_Data extracts_
◇ ◇ ◇ ◇ ◇ ◇ ◇

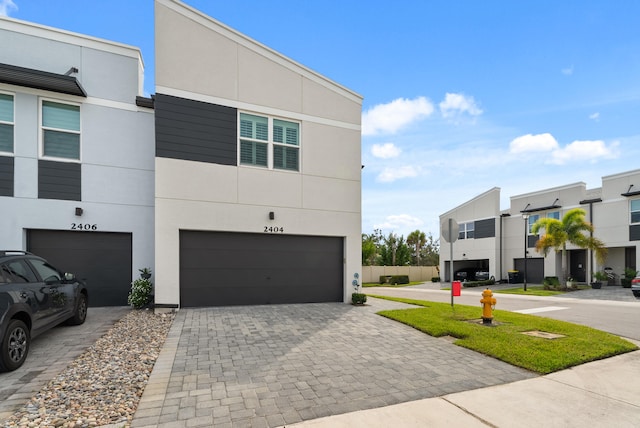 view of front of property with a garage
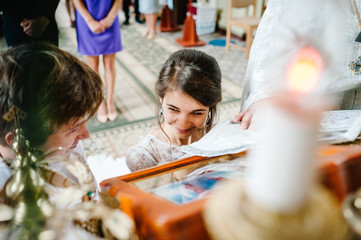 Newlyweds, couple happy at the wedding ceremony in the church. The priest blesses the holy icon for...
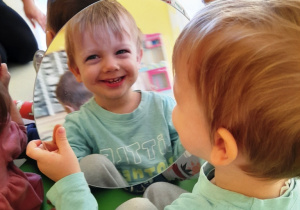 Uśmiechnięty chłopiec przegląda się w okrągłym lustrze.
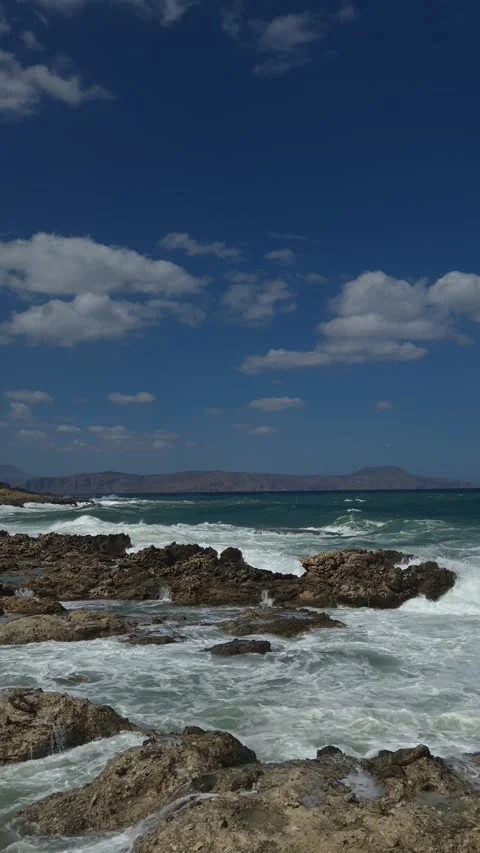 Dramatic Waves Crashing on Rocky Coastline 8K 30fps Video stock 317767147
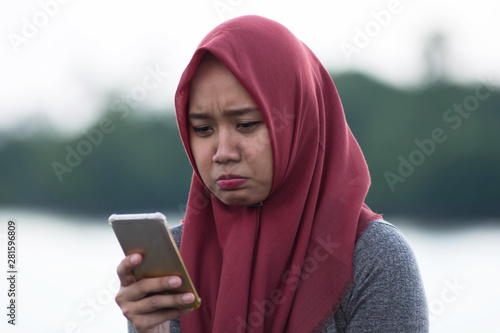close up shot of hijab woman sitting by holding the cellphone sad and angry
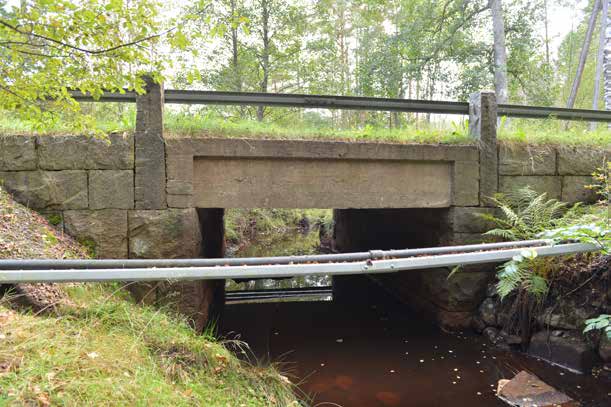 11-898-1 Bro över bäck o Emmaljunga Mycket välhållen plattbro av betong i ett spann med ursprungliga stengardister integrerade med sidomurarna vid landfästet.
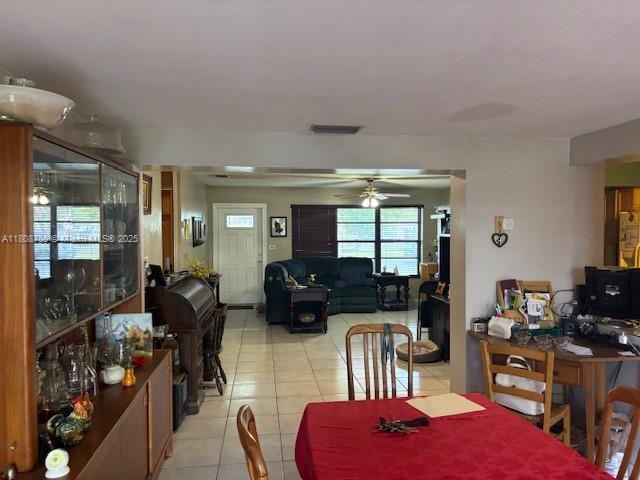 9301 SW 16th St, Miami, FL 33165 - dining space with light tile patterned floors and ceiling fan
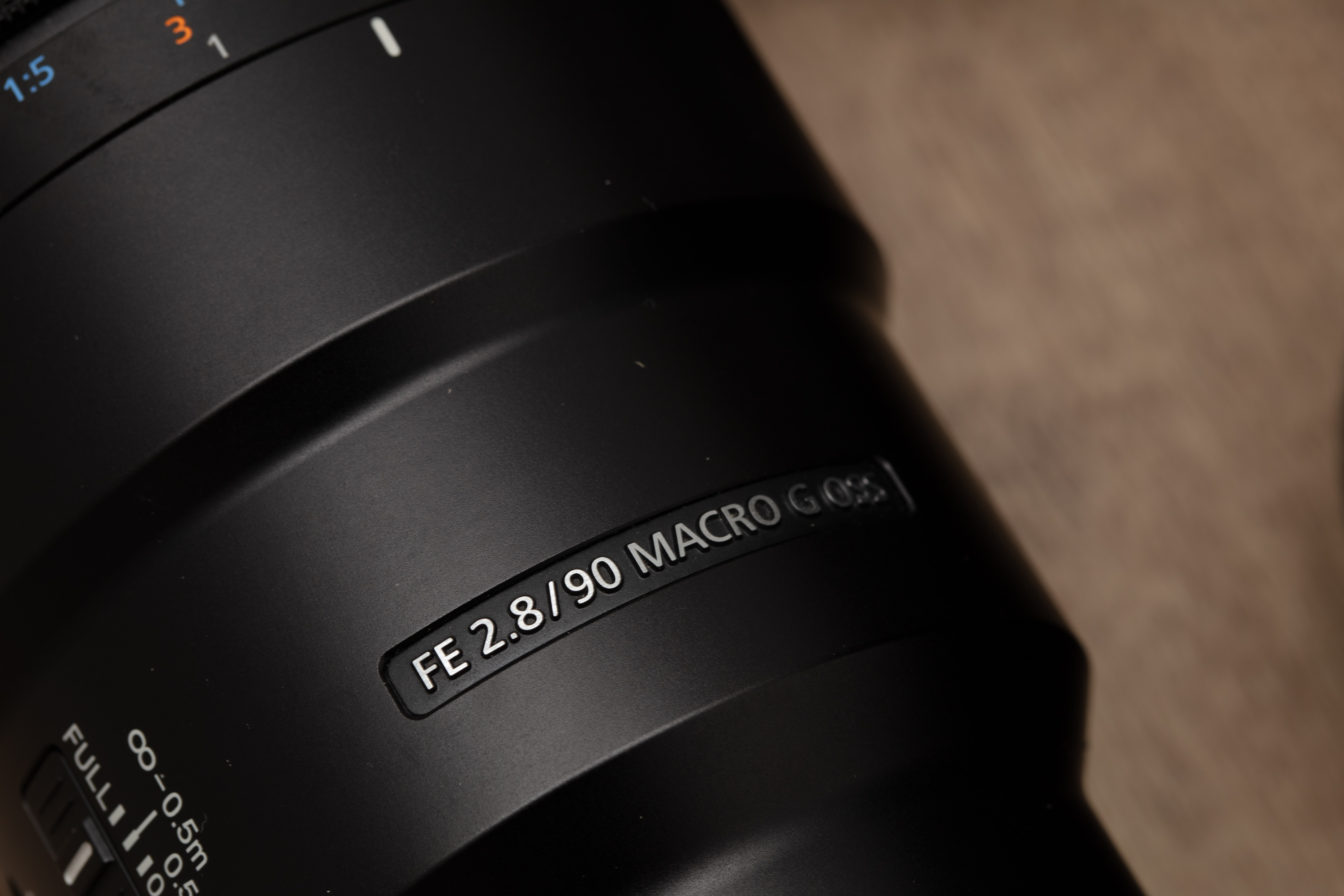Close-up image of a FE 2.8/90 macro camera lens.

◇ ◇ ◇ ◇ ◇ ◇ ◇

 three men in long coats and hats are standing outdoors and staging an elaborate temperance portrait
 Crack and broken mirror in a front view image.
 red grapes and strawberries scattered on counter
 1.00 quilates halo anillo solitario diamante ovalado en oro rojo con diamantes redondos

◇ ◇ ◇ ◇ ◇ ◇ ◇

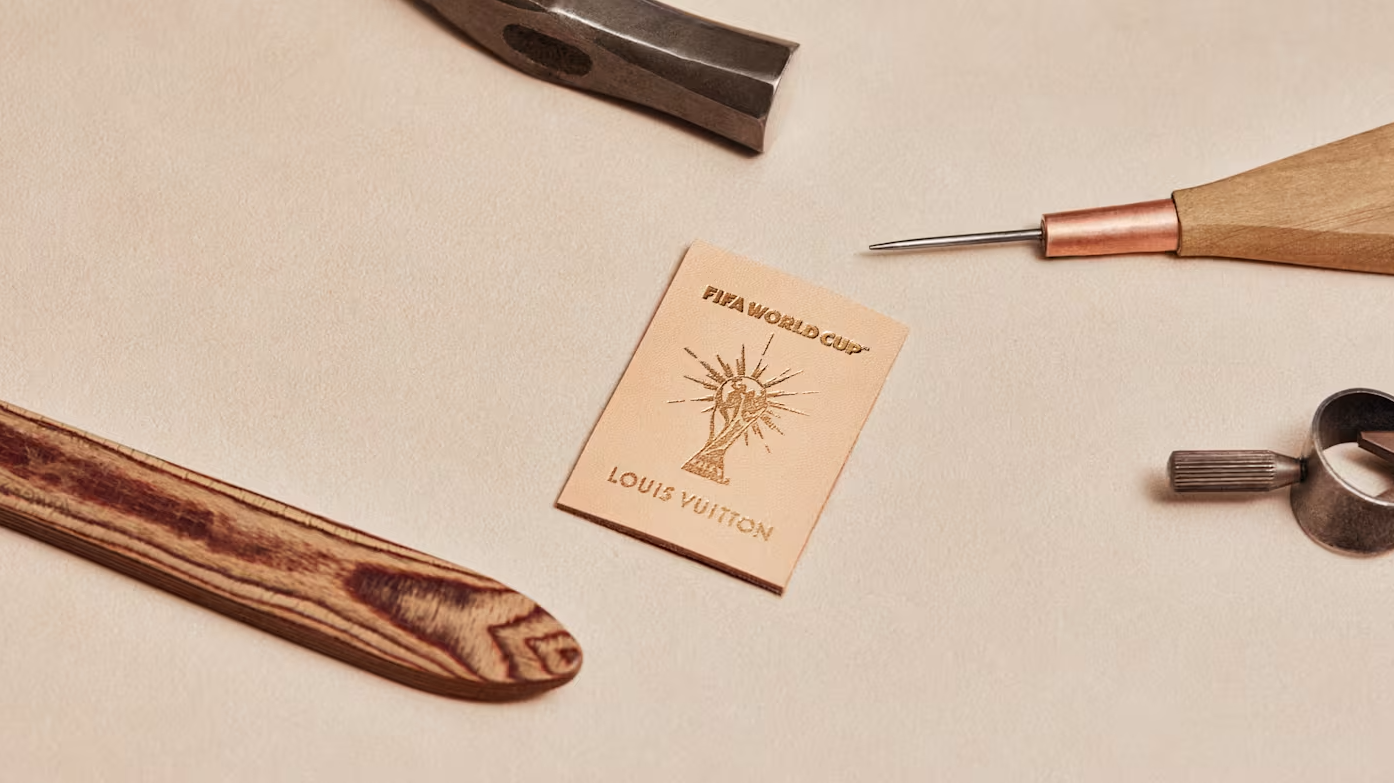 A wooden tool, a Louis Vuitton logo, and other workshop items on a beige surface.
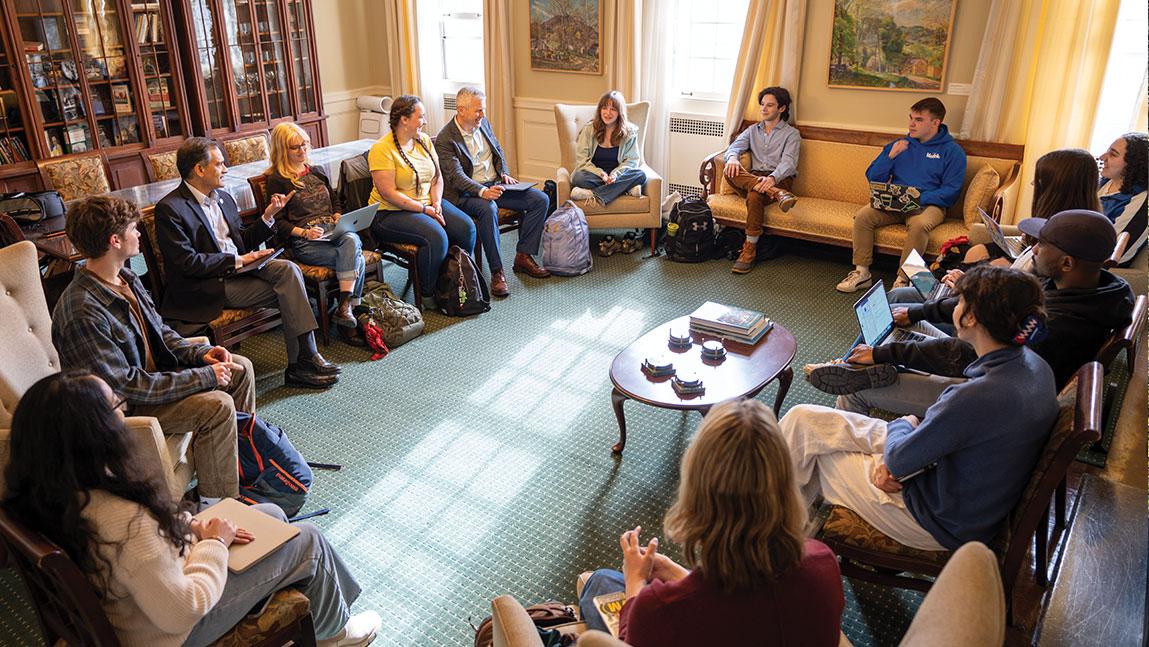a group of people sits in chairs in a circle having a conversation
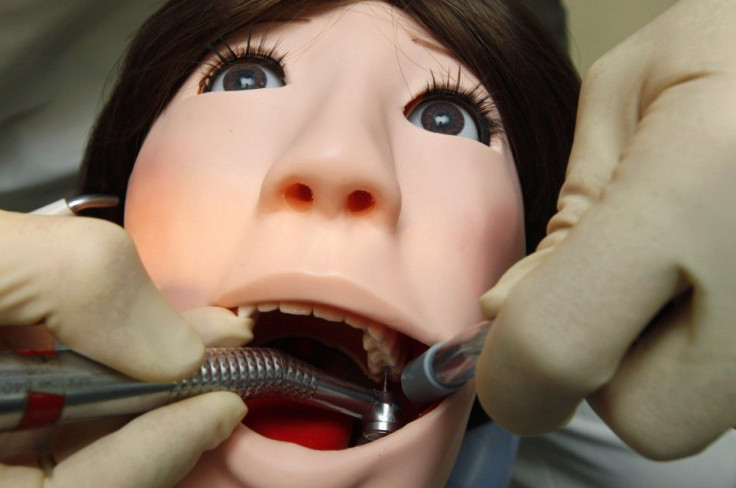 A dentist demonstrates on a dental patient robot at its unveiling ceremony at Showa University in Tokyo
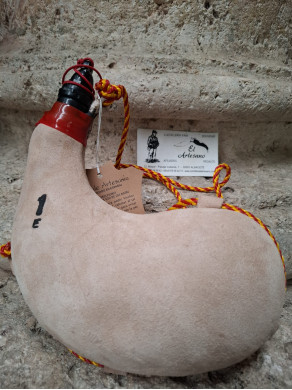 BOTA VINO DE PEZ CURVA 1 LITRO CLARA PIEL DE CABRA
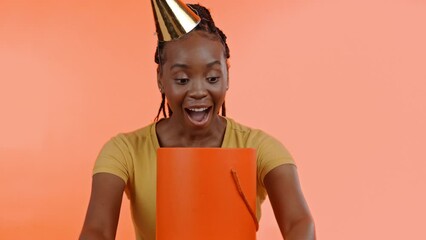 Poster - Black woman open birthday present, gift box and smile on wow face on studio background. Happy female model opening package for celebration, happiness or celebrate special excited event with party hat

◇ ◇ ◇ ◇ ◇ ◇ ◇

_What is required_
Pictures in the entries do not go into the copy. Print only the lines starting at the one containing "view of front of property with a garage" and ending at the one containing "Close-up image of", exactly as they appear.

_Completed task_
 view of front of property with a garage
 Newlyweds, couple happy at the wedding ceremony in the church. The priest blesses the holy icon for...
 Uśmiechnięty chłopiec przegląda się w okrągłym lustrze.
 Dramatic Waves Crashing on Rocky Coastline 8K 30fps Video stock 317767147
close up shot of hijab woman sitting by holding the cellphone sad and angry
 11-898-1 Bro över bäck o Emmaljunga Mycket välhållen plattbro av betong i ett spann med ursprungliga stengardister integrerade med sidomurarna vid landfästet.
 9301 SW 16th St, Miami, FL 33165 - dining space with light tile patterned floors and ceiling fan
Close-up image of a FE 2.8/90 macro camera lens.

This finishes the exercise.